What you have to do — Retype nothing except the lines below from the one with "Nissens 940685 - Condensador, aire" through the one with "Chillin with My", exactly, with images left out.

Data —

§

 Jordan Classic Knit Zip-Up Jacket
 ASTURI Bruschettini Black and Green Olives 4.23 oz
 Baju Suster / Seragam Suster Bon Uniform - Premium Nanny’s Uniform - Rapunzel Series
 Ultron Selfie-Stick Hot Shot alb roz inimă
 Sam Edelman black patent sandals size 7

§

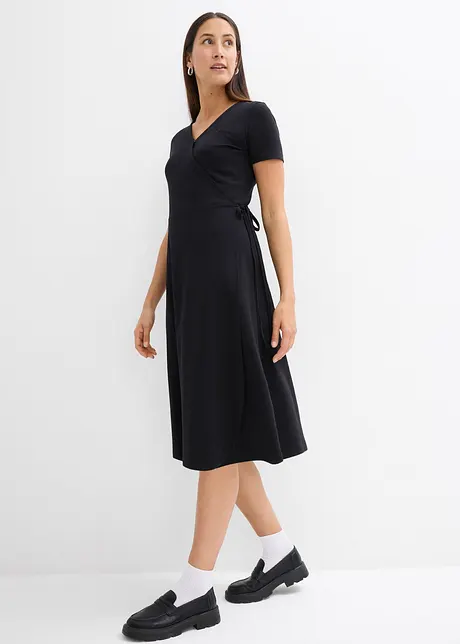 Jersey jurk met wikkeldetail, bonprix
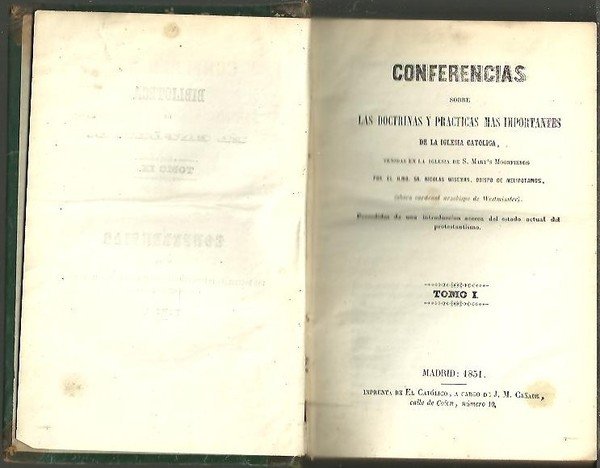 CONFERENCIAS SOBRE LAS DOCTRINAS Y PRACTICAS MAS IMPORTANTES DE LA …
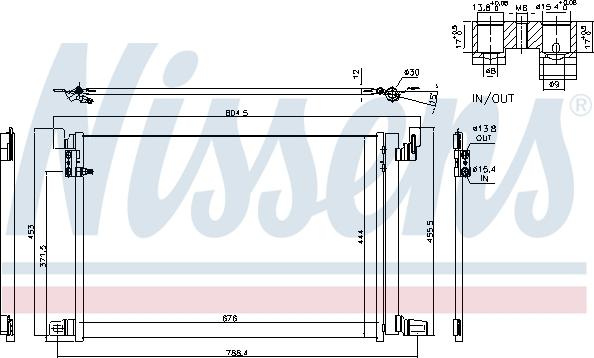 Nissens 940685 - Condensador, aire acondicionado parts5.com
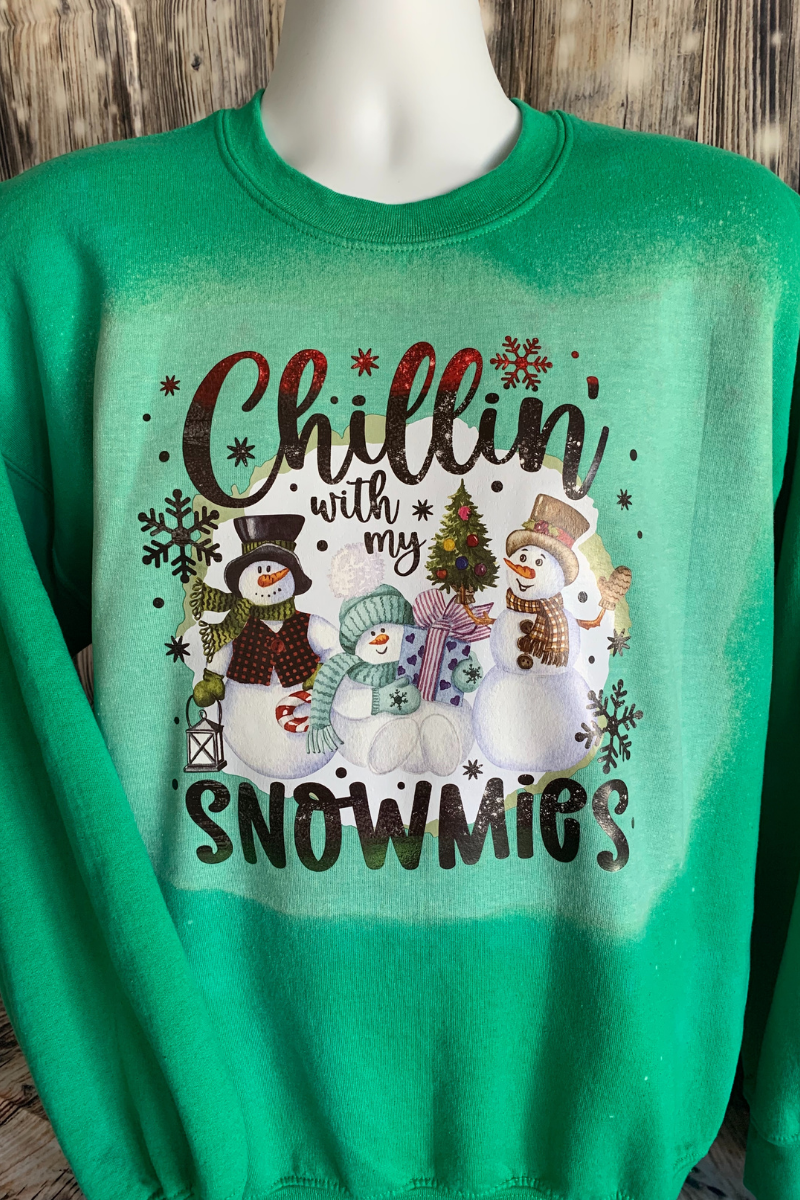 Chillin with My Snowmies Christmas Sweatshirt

§

Your response —
 Nissens 940685 - Condensador, aire acondicionado parts5.com
 Chillin with My Snowmies Christmas Sweatshirt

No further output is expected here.